1

I have a trained Tensorflow model that uses two inputs to make predictions. I have successfully set up and deployed the model on AWS Sagemaker.

from sagemaker.tensorflow.model import TensorFlowModel
sagemaker_model = TensorFlowModel(model_data='s3://' + sagemaker_session.default_bucket() 
                              + '/R2-model/R2-model.tar.gz',
                             role = role,
                             framework_version = '1.12',
                             py_version='py2',
                             entry_point='train.py')

predictor = sagemaker_model.deploy(initial_instance_count=1,
                              instance_type='ml.m4.xlarge')

predictor.predict([data_scaled_1.to_csv(),
                   data_scaled_2.to_csv()]
                 )

I always receive an error. I could use an AWS Lambda function, but I don't see any documentation on specifying multiple inputs to deployed models. Does anyone know how to do this?

JHall651
  • 427
  • 1
  • 4
  • 15

3 Answers3

3

You need to actually build a correct signature when deploying the model first. Also, you need to deploy with tensorflow serving.

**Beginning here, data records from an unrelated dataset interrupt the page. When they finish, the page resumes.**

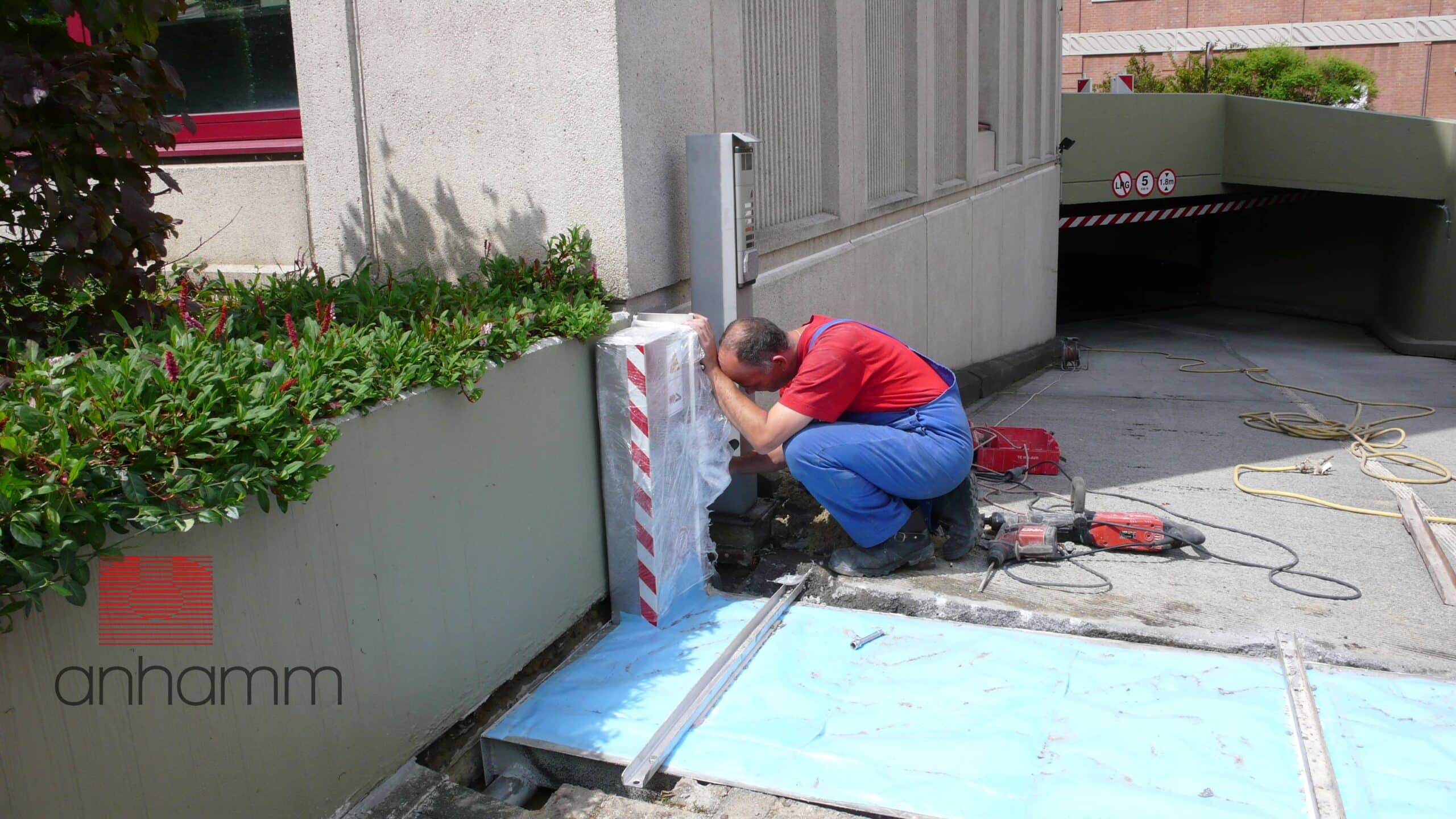 Einbau der Wasser Klappschott Aufnahmewanne in Tiefgarage – Installationsschritt von Anhamm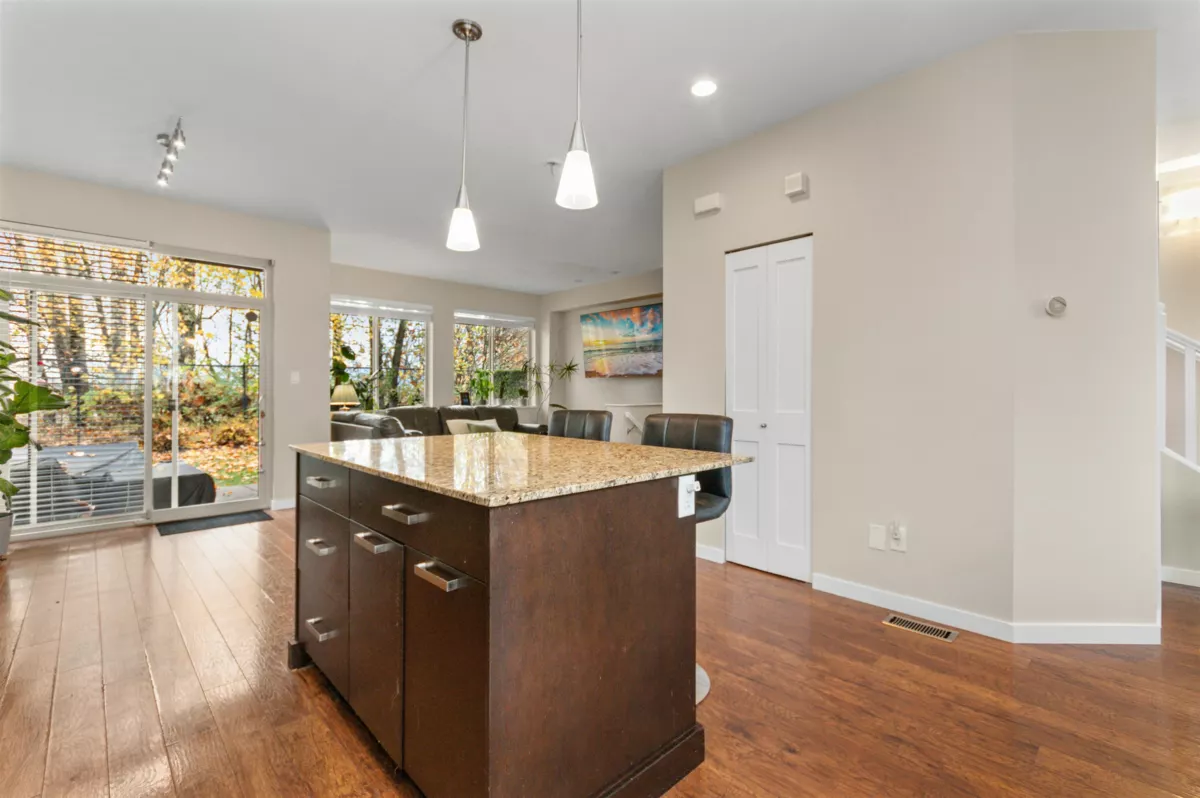 Primary Bathroom Photo of 27 34248 King Road, Abbotsford, BC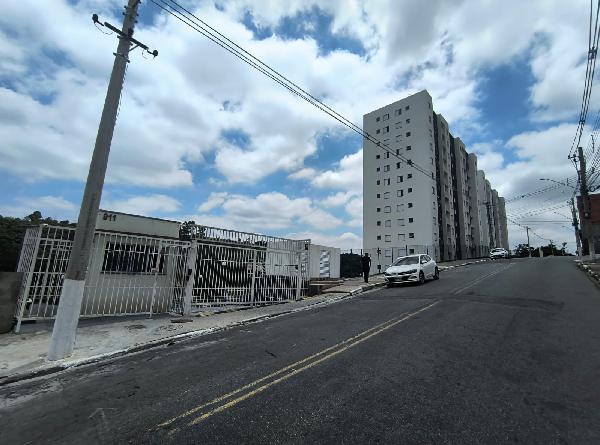APARTAMENTO - JARDIM LUCIANA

At inference, you need to also give a proper input format when requesting: basically sagemaker docker server takes the request input and passes it by to tensorflow serving. So, the input needs to match TF serving inputs.

Here is a simple example of deploying a Keras multi-input multi-output model in Tensorflow serving using Sagemaker and how to make inference afterwards:

import tarfile

from tensorflow.python.saved_model import builder
from tensorflow.python.saved_model.signature_def_utils import predict_signature_def
from tensorflow.python.saved_model import tag_constants
from keras import backend as K
import sagemaker
#nano ~/.aws/config
#get_ipython().system('nano ~/.aws/config')
from sagemaker import get_execution_role
from sagemaker.tensorflow.serving import Model


def serialize_to_tf_and_dump(model, export_path):
    """
    serialize a Keras model to TF model
    :param model: compiled Keras model
    :param export_path: str, The export path contains the name and the version of the model
    :return:
    """
    # Build the Protocol Buffer SavedModel at 'export_path'
    save_model_builder = builder.SavedModelBuilder(export_path)
    # Create prediction signature to be used by TensorFlow Serving Predict API
    signature = predict_signature_def(
        inputs={
            "input_type_1": model.input[0],
            "input_type_2": model.input[1],
        },
        outputs={
            "decision_output_1": model.output[0],
            "decision_output_2": model.output[1],
            "decision_output_3": model.output[2]
        }
    )
    with K.get_session() as sess:
        # Save the meta graph and variables
        save_model_builder.add_meta_graph_and_variables(
            sess=sess, tags=[tag_constants.SERVING], signature_def_map={"serving_default": signature})
        save_model_builder.save()

# instanciate model
model = .... 

# convert to tf model
serialize_to_tf_and_dump(model, 'model_folder/1')

# tar tf model
with tarfile.open('model.tar.gz', mode='w:gz') as archive:
    archive.add('model_folder', recursive=True)

# upload it to s3
sagemaker_session = sagemaker.Session()
inputs = sagemaker_session.upload_data(path='model.tar.gz')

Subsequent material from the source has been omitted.